The Sittaford Mystery
Marple

A richly complex view of the candidate selected by Winston Churchill to succeed him as Prime Minister. A Whitehall “dirt-digger” follows the man to Devon, where quite a tale comes posthumously to light.

Capt. Trevelyan is haunted by a ghost, the shade of his mistress abandoned with child in Egypt. Her brother was an archæologist murdered by him after the pair broke open a tomb with dynamite and looted it of, among other things, a golden scorpion. This was the foundation of his political career.

On the business side, his partnership with an American produced the TX-75, a naval artillery shell prone to fatally premature detonation. “He got the cream,” says the Yank, “I got the 2¢ deposit.” A congressional investigation is in the works.

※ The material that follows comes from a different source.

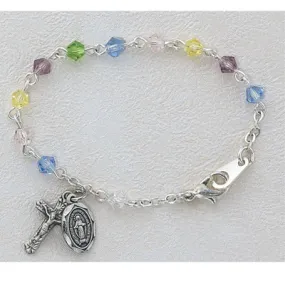 Baby Muli-Coloured Crystal Bead Rhodium Plated Bracelet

The archæologist’s widow is on his trail, so is the cast-off son, who passes for a reporter and woos the mistress of the captain’s dissolute adopted son and heir, whom he frames for the murder.

The scene is laid at The Three Crowns in Exhampton, and at the captain’s residence nearby, Sittaford House. The inn has no staff, the chef is sick. A convict has just escaped from Dartmoor Prison.

It’s a terrible winter, people are advised to stay indoors. The captain has secretly married a girl named Violet like his late mistress. Her mother bullies her and runs off with the chef, who is none other than the convict.

“It’s just like the war,” observes the dirt-digger amidst these privations, “only... less fun.” There is a Ouija session the night of the murder, at which the adopted son given a false letter proclaiming his disinheritance manipulates the board to spell out death for the captain.

The American is a football fan. His self-confessed “creature”, a discredited physician, sells him placebos and climbs up on the roof in a snowstorm to pick up the Rams game in Los Angeles on a radio aerial. “I wanna see blood tonight,” says his creator.

The captain’s aide, a man whose life he saved in 1917, conducts the inquiry absent the police. The captain’s manservant is an Egyptian in league with the archæologist’s widow, whose spectacles are stolen at the inn lest she spot the faux chef.

Rita Tushingham is the myopic avenger, Robert Hardy is Churchill, Timothy Dalton the captain, Patricia Hodge the chef’s specialty, amid the admirable cast.

The captain had two tickets for Buenos Aires. His bride goes in his absence, with the faux reporter’s mistress (whence doubtless they return as Rosemary & Thyme).